California currently has a law on the books banning new construction of nuclear power plants due the lack of a viable storage plan in the US for spent nuclear fuel. A group of Fresno businessmen want to put a referendum on the California 2008 ballot to overturn the ban. The referendum is a high risk venture because polls show voters are split down the middle with just 8% undecided on the issue. An effort to remove the law died in a legislative committee earlier this month in a vote along party lines with Democrats leading the opposition.
Scarce nuclear workers in California take note. Register to vote now.
Nuclear careers look lucrative
Reuters reports the nuclear engineers and technicians who landed their jobs in the 1970s are retiring and there are few trained to take their places. Carol Berrigan, who researches nuclear infrastructure for the Nuclear Energy Institute, the industry's lobby group, told the wire service the coming labor shortage as a "looming trend." A study by the Institute found that half of the industry's employees were over 47 years old, while less than 8 percent of employees were younger than 32. Most Americans retire after turning 65, and the survey found more than a quarter of nuclear workers were already eligible to stop working.
The number of nuclear engineering majors at colleges around the country has risen to 1,800 last year from just 500 in 1998, according to the Energy Department, but that is still not enough to feed current needs. Salary surveys report the average starting salary for a nuclear engineer with a bachelors degree is $51,182, higher than many other areas. Forbes magazine recently listed plant operators as one of its top 10 best-paying blue-collar jobs, with an estimated income of $56,472.
1 comment:
With all due respect to Senator Craig, just "getting on with it" with respect to reprocessing doesn't buy us much. You can reprocess LWR fuel and make MOX, but that doesn't change the fact that utilities don't like MOX and prefer fresh fuel. MOX is not economical in today's market. And MOX only buys you a little more of the potential energy in uranium. To get the potential energy out of uranium you need a fast reactor.
But if you use thorium you can extract all the potential energy in a thermal reactor.
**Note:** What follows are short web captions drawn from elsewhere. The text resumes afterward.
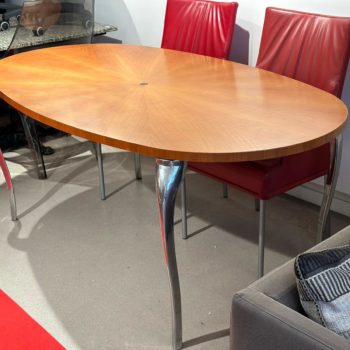 Table à manger ovale
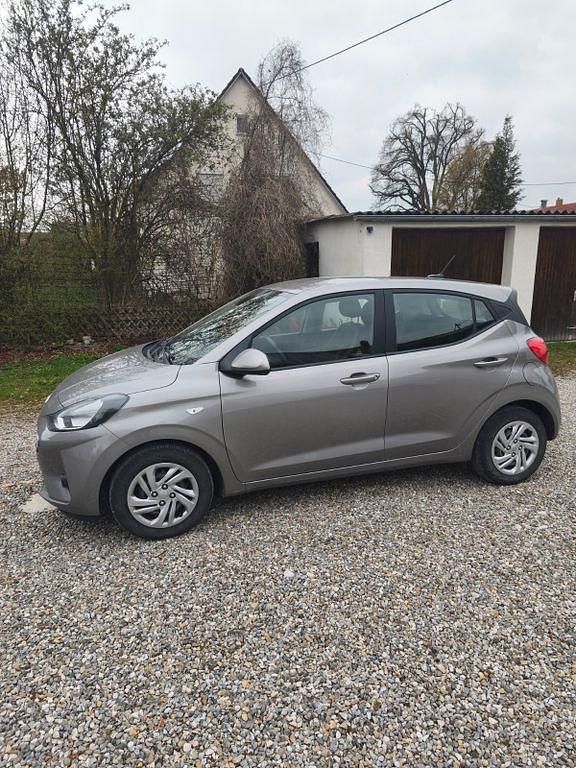 Gebraucht Hyundai i10 67 PS (49 kW) 2021 Kleinwagen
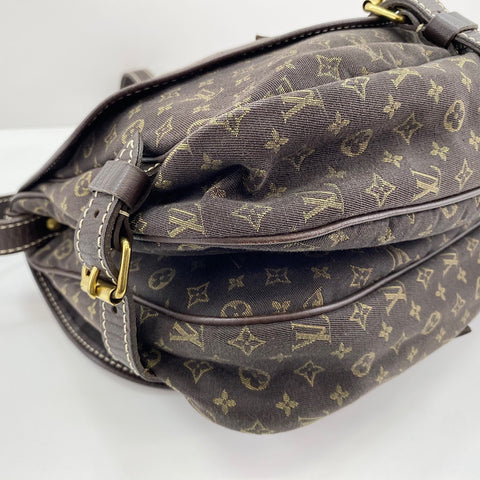 LOUIS VUITTON Saumur 30 Shoulder Bag Brown WS32890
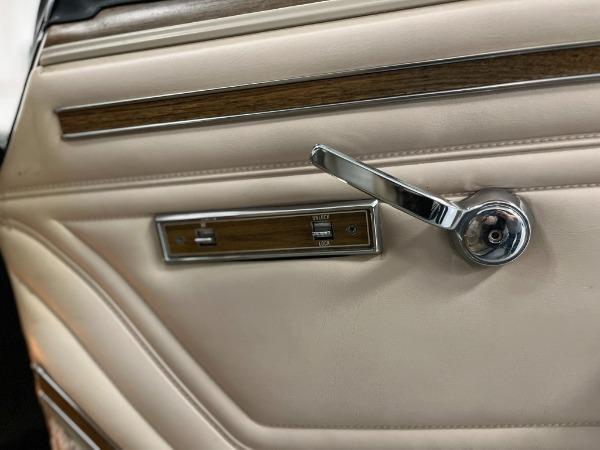 1990 Jeep Grand Wagoneer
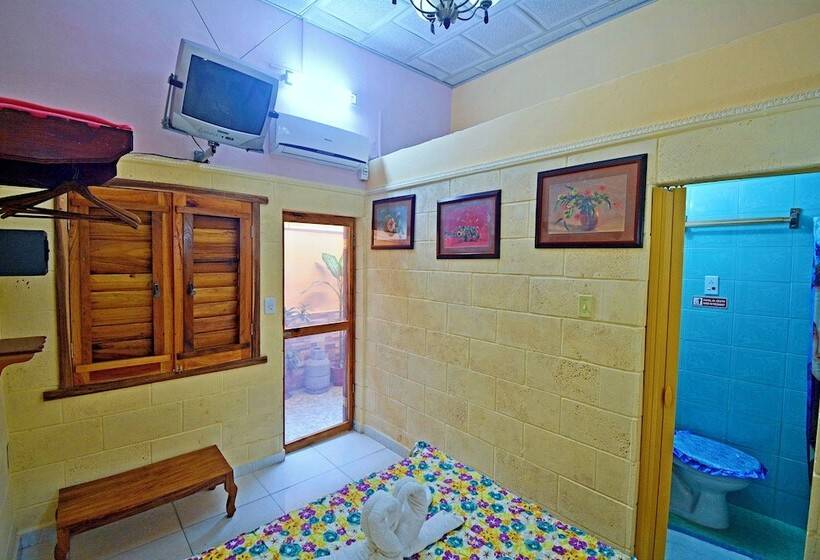 پانسیون Cadena Hostal Roberto Carlos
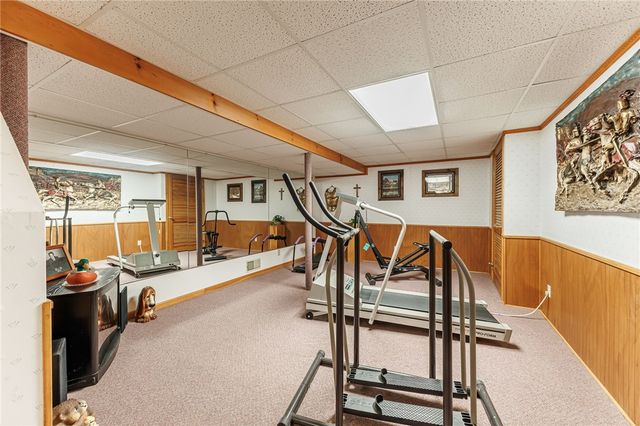 115 Queensland Drive, Gates, NY 14559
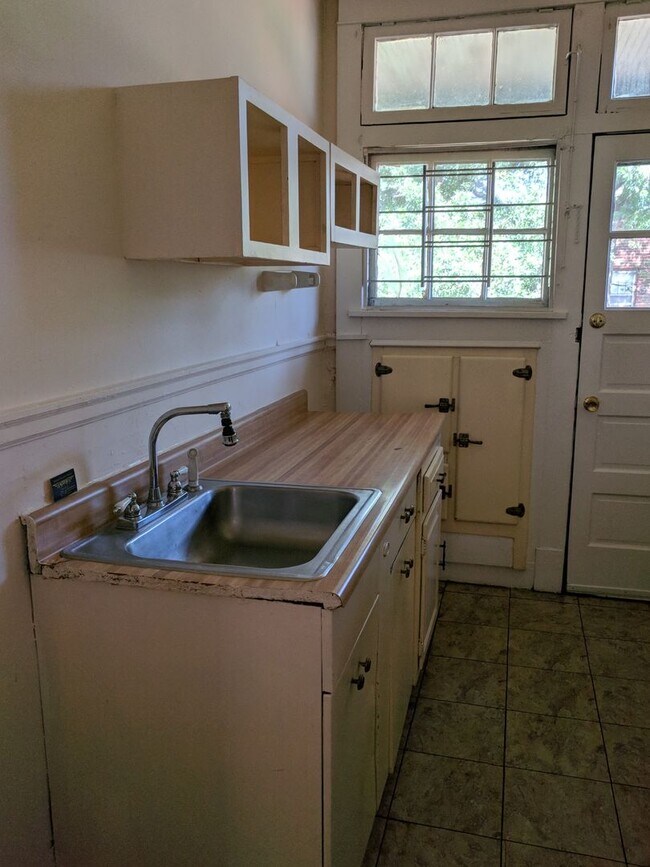 Building Photo - 118 S Colonial Ave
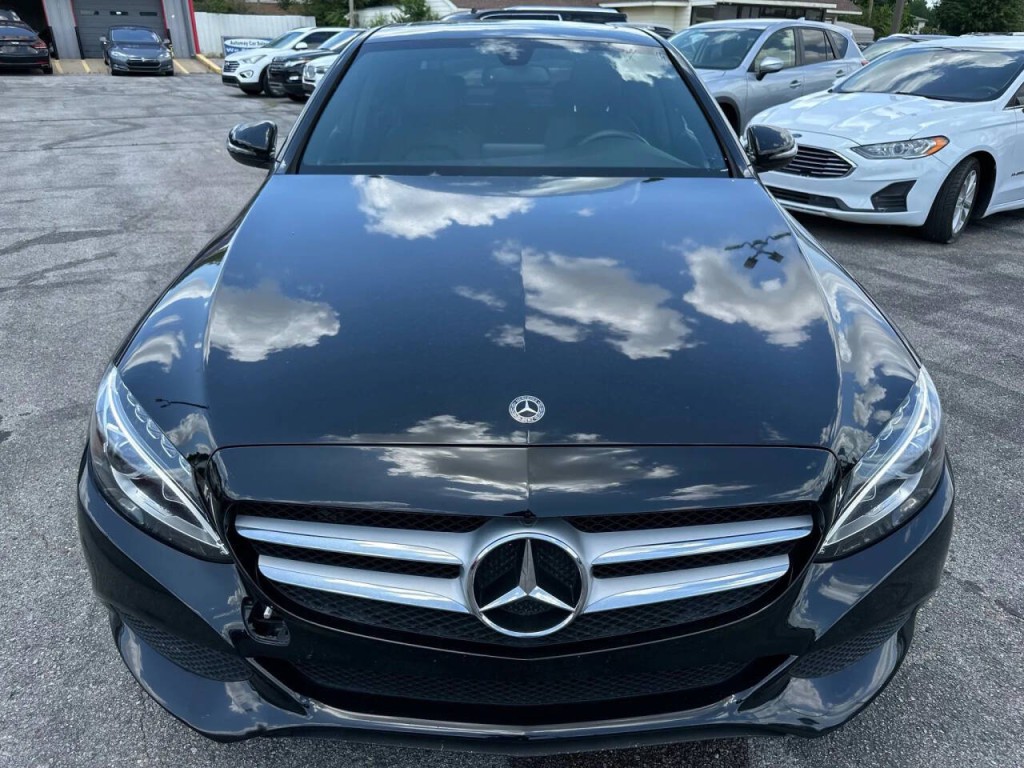 2018 Mercedes-Benz C-Class Image 29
Liquid-fluoride reactor technology, developed and demonstrated at Oak Ridge National Lab in the 1950s and 1960s, appears to be the best reactor technology for utilizing the thorium resource, and has safety, efficiency, and economy advantages far in excess of LWRs or fast breeders.
Fluoride reactors can also be exceptionally easy to reprocess, if designed correctly. Fluorination of the salt to remove uranium followed by distillation of the salt to separate the salt from the fission product fluorides is all that is required. These processes can operate continuously as the reactor operates, eliminating downtime.